Joint DNA-RNA-based NGS for diagnosis and treatment of a rare CD47-MET fusion lung adenocarcinoma which was immunoresistant and savoltinib-sensitive: a case report
Rulan Wang, Yanyang Liu, Xuejiao Yu, Weiya Wang, Jiewei Liu

TL;DR
A rare lung cancer case with a CD47-MET fusion was diagnosed using DNA-RNA-based NGS and successfully treated with savolitinib after immunotherapy resistance.
Contribution
Demonstrates the utility of joint DNA-RNA-based NGS in detecting a rare CD47-MET fusion and tracking drug resistance mutations in lung adenocarcinoma.
Findings
CD47-MET fusion was detected using RNA-based NGS and confirmed by fluorescence in situ hybridization.
Savolitinib treatment achieved a progression-free survival of over 12 months.

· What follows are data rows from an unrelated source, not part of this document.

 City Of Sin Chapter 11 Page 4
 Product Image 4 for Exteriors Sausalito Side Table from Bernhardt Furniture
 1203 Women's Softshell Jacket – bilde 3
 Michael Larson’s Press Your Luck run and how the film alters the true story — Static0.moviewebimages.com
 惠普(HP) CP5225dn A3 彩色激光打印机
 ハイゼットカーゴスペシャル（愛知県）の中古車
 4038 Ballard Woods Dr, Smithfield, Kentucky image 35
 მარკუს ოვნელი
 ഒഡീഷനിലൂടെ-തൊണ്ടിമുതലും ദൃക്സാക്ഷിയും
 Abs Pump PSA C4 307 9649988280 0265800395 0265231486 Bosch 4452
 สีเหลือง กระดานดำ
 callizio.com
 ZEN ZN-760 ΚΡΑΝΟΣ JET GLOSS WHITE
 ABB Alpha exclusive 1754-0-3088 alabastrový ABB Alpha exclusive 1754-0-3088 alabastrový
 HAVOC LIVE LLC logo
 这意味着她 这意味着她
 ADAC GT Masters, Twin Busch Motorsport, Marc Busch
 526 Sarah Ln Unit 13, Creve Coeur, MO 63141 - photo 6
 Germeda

A secondary MET p.D1228H mutation was identified after disease progression using joint DNA-RNA-based NGS.
Abstract
Targeted therapy and immunotherapy are both important in the treatment of non-small-cell lung cancer (NSCLC). Accurate diagnose and precise treatment are key in achieving long survival of patients. MET fusion is a rare oncogenic factor, whose optimal detection and treatment are not well established. Here, we report on a 32-year-old female lung adenocarcinoma patient with positive PD-L1 and negative driver gene detected by DNA-based next-generation sequencing (NGS). A radical resection of the primary lesion after chemotherapy combined with PD-1 checkpoint inhibitor administration indicated primary immuno-resistance according to her pathological response and rapid relapse. A rare CD47-MET was detected by RNA-based NGS, which was confirmed by fluorescence in situ hybridization. Multiplex immunofluorescence revealed a PD-L1 related heterogeneous immunosuppressive microenvironment with…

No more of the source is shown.